# RECORD SET
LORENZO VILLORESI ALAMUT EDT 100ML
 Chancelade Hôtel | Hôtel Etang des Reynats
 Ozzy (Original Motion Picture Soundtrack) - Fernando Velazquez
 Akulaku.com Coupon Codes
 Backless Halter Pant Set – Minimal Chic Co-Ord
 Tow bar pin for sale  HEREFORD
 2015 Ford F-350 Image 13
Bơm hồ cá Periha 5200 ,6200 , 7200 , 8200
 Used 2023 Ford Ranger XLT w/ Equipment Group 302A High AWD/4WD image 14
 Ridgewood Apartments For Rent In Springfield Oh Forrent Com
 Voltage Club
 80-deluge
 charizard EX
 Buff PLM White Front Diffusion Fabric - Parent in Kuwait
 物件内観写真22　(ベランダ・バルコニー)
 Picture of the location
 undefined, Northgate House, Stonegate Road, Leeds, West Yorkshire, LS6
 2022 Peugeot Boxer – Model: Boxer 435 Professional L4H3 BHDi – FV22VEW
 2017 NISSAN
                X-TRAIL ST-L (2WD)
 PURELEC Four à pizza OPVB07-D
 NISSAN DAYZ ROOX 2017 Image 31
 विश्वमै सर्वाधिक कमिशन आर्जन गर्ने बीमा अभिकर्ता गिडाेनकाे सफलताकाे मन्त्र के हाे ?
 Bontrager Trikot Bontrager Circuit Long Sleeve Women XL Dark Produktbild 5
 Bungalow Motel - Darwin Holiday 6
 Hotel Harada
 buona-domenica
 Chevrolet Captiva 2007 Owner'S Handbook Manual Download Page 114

# EXERCISE DETAILS
All lines from the top of the data through the line containing "Picture of the location" need to be retyped exactly, and nothing more.

# RESPONSE TO THE TASK
LORENZO VILLORESI ALAMUT EDT 100ML
 Chancelade Hôtel | Hôtel Etang des Reynats
 Ozzy (Original Motion Picture Soundtrack) - Fernando Velazquez
 Akulaku.com Coupon Codes
 Backless Halter Pant Set – Minimal Chic Co-Ord
 Tow bar pin for sale  HEREFORD
 2015 Ford F-350 Image 13
Bơm hồ cá Periha 5200 ,6200 , 7200 , 8200
 Used 2023 Ford Ranger XLT w/ Equipment Group 302A High AWD/4WD image 14
 Ridgewood Apartments For Rent In Springfield Oh Forrent Com
 Voltage Club
 80-deluge
 charizard EX
 Buff PLM White Front Diffusion Fabric - Parent in Kuwait
 物件内観写真22　(ベランダ・バルコニー)
 Picture of the location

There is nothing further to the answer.